Step 1. The hypotheses of interest in this case can be expressed as \[H_0: \text{The distribution of ethnic groups has not changed}\\ vs.\\ H_a: \text{The distribution of ethnic groups has changed} \nonumber \]
Step 2. The distribution is chi-square.
Step 3. To compute the value of the test statistic we must first compute the expected number for each row of Table \(\PageIndex{7}\). Since \(n=2500\), using the formula \(E_i=n\times p_i\) and the values of \(p_i\) from either Table \(\PageIndex{6}\) or Table \(\PageIndex{7}\), \[E_1=2500×0.743=1857.5\\ E_2=2500×0.216=540\\ E_3=2500×0.012=30\\ E_4=2500×0.012=30\\ E_5=2500×0.008=20\\ E_6=2500×0.009=22.5 \nonumber \]

Table \(\PageIndex{7}\) is updated to Table \(\PageIndex{8}\).

Table \(\PageIndex{8}\): Observed and Expected Frequencies Five Years After the Census Year
Ethnicity	Assumed Dist.	Observed Freq.	Expected Freq.
White	\(0.743\)	\(1732\)	\(1857.5\)
Black	\(0.216\)	\(538\)	\(540\)
American-Indian	\(0.012\)	\(32\)	\(30\)
Hispanic	\(0.012\)	\(42\)	\(30\)
Asian	\(0.008\)	\(133\)	\(20\)
Others	\(0.009\)	\(23\)	\(22.5\)

The value of the test statistic is

\[\begin{align*} \chi ^2 &= \sum \frac{(O-E)^2}{E}\\ &= \frac{(1732-1857.5)^2}{1857.5}+\frac{(538-540)^2}{540}+\frac{(32-30)^2}{30}+\frac{(42-30)^2}{30}+\frac{(133-20)^2}{20}+\frac{(23-22.5)^2}{22.5}\\ &= 651.881 \end{align*} \nonumber \]

Since the random variable takes six values, \(I=6\).

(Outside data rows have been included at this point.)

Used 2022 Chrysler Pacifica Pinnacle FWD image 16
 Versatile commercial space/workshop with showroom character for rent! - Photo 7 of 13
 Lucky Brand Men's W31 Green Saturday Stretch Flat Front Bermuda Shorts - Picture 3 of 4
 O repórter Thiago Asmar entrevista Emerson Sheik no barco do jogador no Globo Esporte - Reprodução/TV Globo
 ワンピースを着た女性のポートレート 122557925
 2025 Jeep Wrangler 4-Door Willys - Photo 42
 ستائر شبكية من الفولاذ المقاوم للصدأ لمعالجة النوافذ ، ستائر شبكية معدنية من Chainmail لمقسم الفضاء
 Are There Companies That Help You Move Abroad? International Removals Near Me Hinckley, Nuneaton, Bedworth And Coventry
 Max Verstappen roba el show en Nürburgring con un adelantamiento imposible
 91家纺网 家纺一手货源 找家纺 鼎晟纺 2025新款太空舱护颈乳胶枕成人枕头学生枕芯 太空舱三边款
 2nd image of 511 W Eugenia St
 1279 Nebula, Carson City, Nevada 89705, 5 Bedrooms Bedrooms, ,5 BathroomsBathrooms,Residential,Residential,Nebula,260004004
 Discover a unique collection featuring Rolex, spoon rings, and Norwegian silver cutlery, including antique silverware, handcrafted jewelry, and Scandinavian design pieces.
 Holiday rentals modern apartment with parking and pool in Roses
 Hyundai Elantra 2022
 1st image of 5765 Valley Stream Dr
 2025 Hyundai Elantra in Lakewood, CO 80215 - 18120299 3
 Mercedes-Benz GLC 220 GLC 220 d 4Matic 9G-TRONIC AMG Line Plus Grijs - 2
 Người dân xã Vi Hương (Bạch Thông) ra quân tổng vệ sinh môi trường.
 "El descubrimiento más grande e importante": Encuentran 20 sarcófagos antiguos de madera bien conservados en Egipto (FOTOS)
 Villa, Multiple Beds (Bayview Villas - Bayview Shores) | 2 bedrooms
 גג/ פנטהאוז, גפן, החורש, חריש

Thus the test statistic follows the chi-square distribution with \(df=6-1=5\) degrees of freedom.

Since the test is right-tailed, the critical value is \(\chi _{0.01}^{2}\). Reading from Figure 7.1.6, \(\chi _{0.01}^{2}=15.086\), so the rejection region is \([15.086,\infty )\).

Since \(651.881>15.086\) the decision is to reject the null hypothesis. See Figure \(\PageIndex{2}\). The data provide sufficient evidence, at the \(1\%\) level of significance, to conclude that the ethnic distribution in this state has changed in the five years since the U.S. census.

alt — Figure \(\PageIndex{2}\): "Example \(\PageIndex{1}\)"

Key Takeaway

The chi-square goodness-of-fit test can be used to evaluate the hypothesis that a sample is taken from a population with an assumed specific probability distribution.